Les trois intervenantes ont également insisté sur les conditions de travail des nombreux acteurs impliqués dans la protection de l’enfance – juges, éducateurs, travailleurs sociaux, psychologues – qui souffrent souvent d’une surcharge de travail et d’un manque de coordination. La confiance entre l’enfant et les professionnels est essentielle pour recueillir une parole sincère et non biaisée, mais cette relation prend du temps à se construire, et le fonctionnement du cadre actuel ne permet pas toujours d'avoir ce temps précieux.

Certaines initiatives innovantes, comme l’utilisation de chiens d’assistance judiciaire au Québec, montrent qu’il est possible de créer des environnements moins intimidants pour les enfants victimes. En France, ces pratiques restent marginales. Amira Maameri-Ulisse appelle à une mobilisation accrue pour renforcer les moyens alloués à la protection des mineurs, en mettant notamment l’accent sur l’information et l’accompagnement des enfants dans leur parcours judiciaire.

 

Perspectives et propositions

La rencontre a mis en lumière plusieurs propositions pour améliorer la protection des mineurs :

  • Renforcer la formation des acteurs de terrain, afin d’uniformiser les pratiques et garantir une prise en charge adaptée.
  • Mieux coordonner les interventions des professionnels pour éviter les ruptures de parcours et les situations d’abandon.
  • Sensibiliser davantage les enfants à leurs droits, notamment par le biais de supports éducatifs accessibles, comme la bande dessinée d’Amira Maameri-Ulisse.
  • Soutenir psychologiquement les jeunes pour leur permettre de prendre conscience de leurs droits et se reconstruire après des expériences traumatiques.

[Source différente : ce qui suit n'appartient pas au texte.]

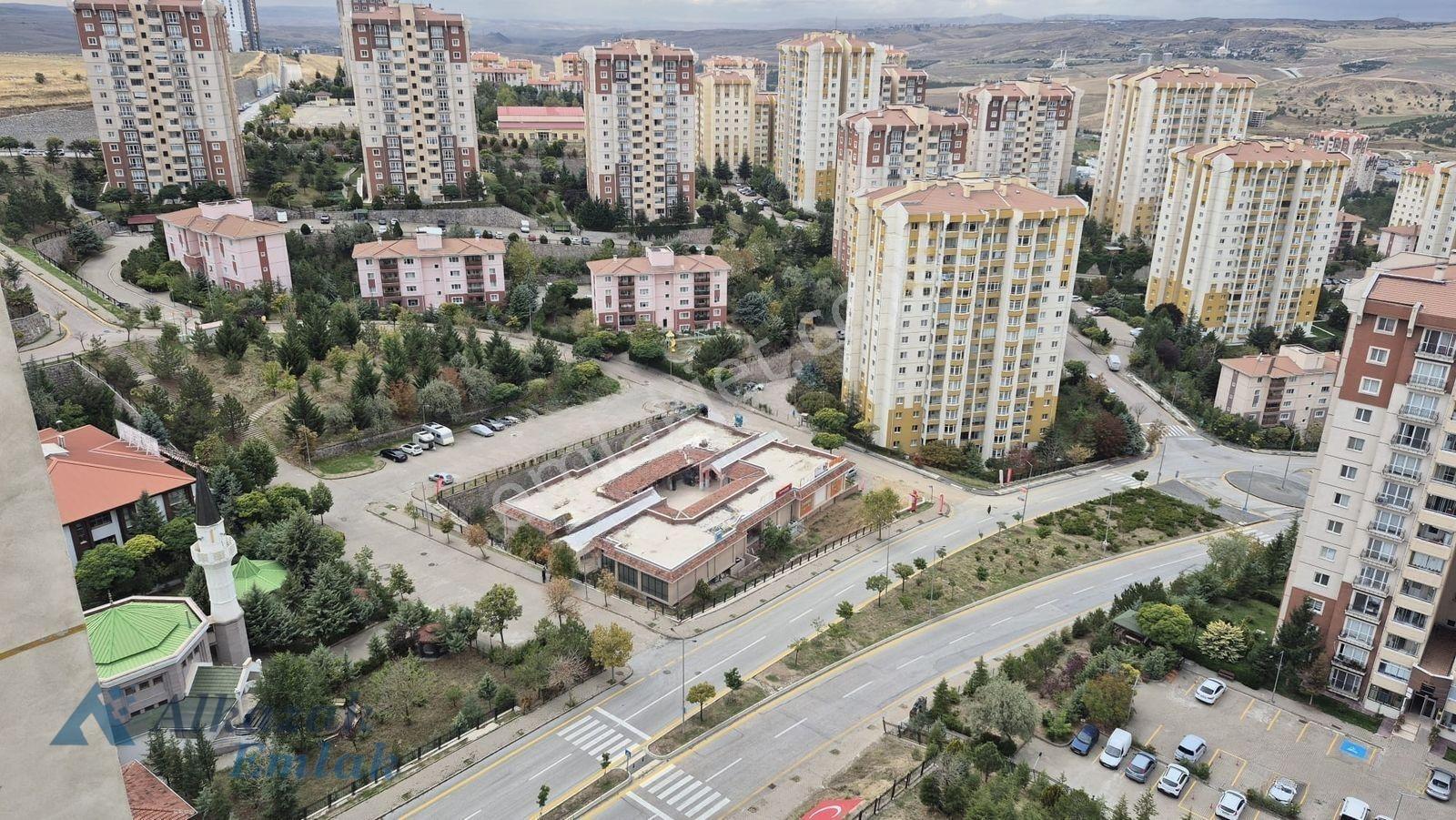 Toki Turkuazda Ck Tipi Ebeveyn Banyolu Satılık 4+1 Daire — fotoğraf 31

Elle a aussi permis de rappeler la marche à suivre si vous assistez à une situation de maltraitance :

La voie administrative, via un signalement au conseil départemental : en détaillant factuellement les faits observés, cela déclenche une procédure pour information préoccupant, suivie par une enquête sociale des services de protection de l'enfance. 

Si des faits ont été commis ou que des choses ont été dites, et que le danger est avéré pour le mineur, il est préférable de passer par la voie judiciaire en contactant directement le juge des enfants

Le 119, numéro d'appel mis en place par les pouvoirs publics, dédié à la prévention et à la protection des enfants en danger ou en risque de l'être. 

Toutes ont rappelé que la protection des mineurs est une responsabilité collective qui nécessite des efforts concertés et des ressources accrues. Donner une voix aux enfants et reconnaître leur rôle en tant qu’acteurs de leur propre protection est un premier pas vers une société plus juste et bienveillante.